Got the same pedal hooked up to Maschine. Works fine.


----------



## MA-Simon (Dec 20, 2019)

Thanks! Ordered for testing!


----------



## zvenx (Dec 20, 2019)

This is the one I use. https://usa.yamaha.com/products/music_production/accessories/fc7/index.html
rsp


----------



## chimuelo (Dec 20, 2019)

You’ll eventually get an FC7 once you see how it stays in place and isn’t cheap.
Ive tried and own most, the EV5 by Roland uses fancy wiring and for a cheap plastic design it’s very durable, FC7 wins everytime though.
Behringer FC100 has CV and EXP simultaneously.
I even have Source Audio Reflex and Dual CV.

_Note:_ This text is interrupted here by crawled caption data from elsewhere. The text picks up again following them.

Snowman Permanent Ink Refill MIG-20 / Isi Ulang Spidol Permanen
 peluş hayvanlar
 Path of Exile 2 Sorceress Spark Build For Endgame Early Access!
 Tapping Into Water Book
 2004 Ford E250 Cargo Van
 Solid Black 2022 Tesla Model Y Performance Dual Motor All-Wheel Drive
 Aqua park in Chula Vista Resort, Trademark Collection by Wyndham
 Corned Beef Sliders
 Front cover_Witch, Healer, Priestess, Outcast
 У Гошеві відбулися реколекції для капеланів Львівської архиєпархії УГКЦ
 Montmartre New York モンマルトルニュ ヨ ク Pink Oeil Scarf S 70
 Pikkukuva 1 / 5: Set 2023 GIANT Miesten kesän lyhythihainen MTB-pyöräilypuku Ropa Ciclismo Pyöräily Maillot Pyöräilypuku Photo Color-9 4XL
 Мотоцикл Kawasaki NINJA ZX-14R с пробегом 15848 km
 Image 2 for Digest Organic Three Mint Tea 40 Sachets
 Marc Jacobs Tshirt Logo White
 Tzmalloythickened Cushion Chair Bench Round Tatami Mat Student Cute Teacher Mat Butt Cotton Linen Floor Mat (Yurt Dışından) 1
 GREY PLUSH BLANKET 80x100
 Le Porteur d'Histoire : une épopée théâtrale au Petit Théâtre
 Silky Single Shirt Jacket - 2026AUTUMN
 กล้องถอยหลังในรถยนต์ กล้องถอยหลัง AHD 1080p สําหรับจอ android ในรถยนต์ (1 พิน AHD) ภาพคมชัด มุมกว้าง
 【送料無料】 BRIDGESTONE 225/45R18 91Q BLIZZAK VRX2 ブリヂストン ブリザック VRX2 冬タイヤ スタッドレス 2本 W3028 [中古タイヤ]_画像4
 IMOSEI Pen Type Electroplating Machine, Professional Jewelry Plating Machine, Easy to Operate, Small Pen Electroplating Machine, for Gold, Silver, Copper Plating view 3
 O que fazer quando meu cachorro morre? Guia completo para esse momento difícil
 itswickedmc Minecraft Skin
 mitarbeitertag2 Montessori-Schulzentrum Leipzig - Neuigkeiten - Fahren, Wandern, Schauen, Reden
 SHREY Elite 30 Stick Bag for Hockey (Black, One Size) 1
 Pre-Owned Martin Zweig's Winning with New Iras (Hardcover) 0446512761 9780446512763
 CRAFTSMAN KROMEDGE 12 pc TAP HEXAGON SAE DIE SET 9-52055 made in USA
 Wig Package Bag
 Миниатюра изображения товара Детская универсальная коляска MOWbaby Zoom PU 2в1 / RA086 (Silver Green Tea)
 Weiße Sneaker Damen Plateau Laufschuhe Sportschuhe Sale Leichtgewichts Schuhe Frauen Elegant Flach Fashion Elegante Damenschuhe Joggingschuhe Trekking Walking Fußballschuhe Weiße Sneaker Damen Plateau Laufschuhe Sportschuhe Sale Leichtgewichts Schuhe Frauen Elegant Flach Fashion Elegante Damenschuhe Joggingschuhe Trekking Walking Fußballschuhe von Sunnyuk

When your controller has 8 1/4“ pedal I/O’s you tend to experiment more.
My MAudio was punished by my big heavy boots and lasted about 4 years.
Its surprisingly good too for being plastic.


----------



## zvenx (Dec 20, 2019)

I liked the F7 so much I bought a second one for my other system.
rsp


----------



## MA-Simon (Dec 20, 2019)

Thanks guys, ordered that one aswell! Lets see which I like better.


----------



## AndyP (Dec 20, 2019)

I use the Korg EXP2. I'm satisfied so far, but, it works differently on every device and to get the full range I can only use it on my MODX7. On all other keyboards the usable range is too small. Strange, and I haven't found out how to change that.


----------



## MA-Simon (Dec 26, 2019)

FC7 is working!


----------



## Zero&One (Dec 26, 2019)

MA-Simon said:


> FC7 is working!



Did you get chance to compare them?


----------



## MA-Simon (Dec 27, 2019)

Zero&One said:


> Did you get chance to compare them?


I did send the other one back, was to light for me. The FC7 stays in place nicely.


----------



## Monkberry (Jan 10, 2020)

For anyone looking for an expression pedal with a 10K POT, the Boss EV-30 is a great pedal. It's built like a tank (all metal), has 2 independent TRS outputs with a minimum adjustment knob on each output. It also has a polarity switch. It's a little pricier than the FC7, which employs a 50k pot if that's what you require.


----------



## sostenuto (Jan 10, 2020)

Have (1) FC7 and works fine ... but no previous reference. Need another for DAW #2.
EV-30 IS a bit pricey .... 

What about Moog EP-3 ?? $49. @ Amazon in U.S. Anyone ?


----------



## jbuhler (Jan 10, 2020)

sostenuto said:


> Have (1) FC7 and works fine ... but no previous reference. Need another for DAW #2.
> EV-30 IS a bit pricey ....
> 
> What about Moog EP-3 ?? $49. @ Amazon in U.S. Anyone ?



I have both FC7 and EP3. I much prefer the FC7. It seems more accurate (it has a longer throw) and more importantly I find it more comfortable to operate sitting down. In my experience EP3 is also more more likely to send phantom data when your foot is not on it.


----------